**WHAT NEEDS TO BE DONE**
Return the listing below in full, exactly.

**INFORMATION GIVEN**
_ _ _

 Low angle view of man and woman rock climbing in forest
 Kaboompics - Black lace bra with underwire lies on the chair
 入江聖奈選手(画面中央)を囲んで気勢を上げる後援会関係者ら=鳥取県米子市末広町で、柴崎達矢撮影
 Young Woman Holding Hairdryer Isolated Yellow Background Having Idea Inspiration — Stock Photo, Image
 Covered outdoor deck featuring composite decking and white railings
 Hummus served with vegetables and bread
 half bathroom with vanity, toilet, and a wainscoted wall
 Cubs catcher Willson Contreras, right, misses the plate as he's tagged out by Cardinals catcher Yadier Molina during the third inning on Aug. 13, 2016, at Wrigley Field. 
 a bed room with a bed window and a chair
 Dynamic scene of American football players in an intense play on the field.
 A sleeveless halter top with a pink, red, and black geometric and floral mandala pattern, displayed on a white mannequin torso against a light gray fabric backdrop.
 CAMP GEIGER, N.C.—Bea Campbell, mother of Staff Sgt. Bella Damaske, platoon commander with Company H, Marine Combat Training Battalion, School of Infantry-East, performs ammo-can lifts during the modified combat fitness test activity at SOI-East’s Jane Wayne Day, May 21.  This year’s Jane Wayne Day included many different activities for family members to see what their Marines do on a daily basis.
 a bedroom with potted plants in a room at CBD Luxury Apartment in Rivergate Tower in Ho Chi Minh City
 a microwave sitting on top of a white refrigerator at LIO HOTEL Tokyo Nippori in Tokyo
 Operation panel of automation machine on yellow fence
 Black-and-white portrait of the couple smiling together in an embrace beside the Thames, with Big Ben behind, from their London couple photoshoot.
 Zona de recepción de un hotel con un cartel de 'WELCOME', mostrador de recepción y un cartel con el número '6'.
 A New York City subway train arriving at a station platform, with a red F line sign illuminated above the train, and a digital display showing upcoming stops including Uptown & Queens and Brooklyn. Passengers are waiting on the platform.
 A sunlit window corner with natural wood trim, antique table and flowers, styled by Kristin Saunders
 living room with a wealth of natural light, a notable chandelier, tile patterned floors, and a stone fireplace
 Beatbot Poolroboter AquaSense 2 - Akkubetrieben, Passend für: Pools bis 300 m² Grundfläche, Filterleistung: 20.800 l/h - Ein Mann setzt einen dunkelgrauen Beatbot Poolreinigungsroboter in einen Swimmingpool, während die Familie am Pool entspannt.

_ _ _

**OUTPUT FOR THIS TASK**
 Low angle view of man and woman rock climbing in forest
 Kaboompics - Black lace bra with underwire lies on the chair
 入江聖奈選手(画面中央)を囲んで気勢を上げる後援会関係者ら=鳥取県米子市末広町で、柴崎達矢撮影
 Young Woman Holding Hairdryer Isolated Yellow Background Having Idea Inspiration — Stock Photo, Image
 Covered outdoor deck featuring composite decking and white railings
 Hummus served with vegetables and bread
 half bathroom with vanity, toilet, and a wainscoted wall
 Cubs catcher Willson Contreras, right, misses the plate as he's tagged out by Cardinals catcher Yadier Molina during the third inning on Aug. 13, 2016, at Wrigley Field. 
 a bed room with a bed window and a chair
 Dynamic scene of American football players in an intense play on the field.
 A sleeveless halter top with a pink, red, and black geometric and floral mandala pattern, displayed on a white mannequin torso against a light gray fabric backdrop.
 CAMP GEIGER, N.C.—Bea Campbell, mother of Staff Sgt. Bella Damaske, platoon commander with Company H, Marine Combat Training Battalion, School of Infantry-East, performs ammo-can lifts during the modified combat fitness test activity at SOI-East’s Jane Wayne Day, May 21.  This year’s Jane Wayne Day included many different activities for family members to see what their Marines do on a daily basis.
 a bedroom with potted plants in a room at CBD Luxury Apartment in Rivergate Tower in Ho Chi Minh City
 a microwave sitting on top of a white refrigerator at LIO HOTEL Tokyo Nippori in Tokyo
 Operation panel of automation machine on yellow fence
 Black-and-white portrait of the couple smiling together in an embrace beside the Thames, with Big Ben behind, from their London couple photoshoot.
 Zona de recepción de un hotel con un cartel de 'WELCOME', mostrador de recepción y un cartel con el número '6'.
 A New York City subway train arriving at a station platform, with a red F line sign illuminated above the train, and a digital display showing upcoming stops including Uptown & Queens and Brooklyn. Passengers are waiting on the platform.
 A sunlit window corner with natural wood trim, antique table and flowers, styled by Kristin Saunders
 living room with a wealth of natural light, a notable chandelier, tile patterned floors, and a stone fireplace
 Beatbot Poolroboter AquaSense 2 - Akkubetrieben, Passend für: Pools bis 300 m² Grundfläche, Filterleistung: 20.800 l/h - Ein Mann setzt einen dunkelgrauen Beatbot Poolreinigungsroboter in einen Swimmingpool, während die Familie am Pool entspannt.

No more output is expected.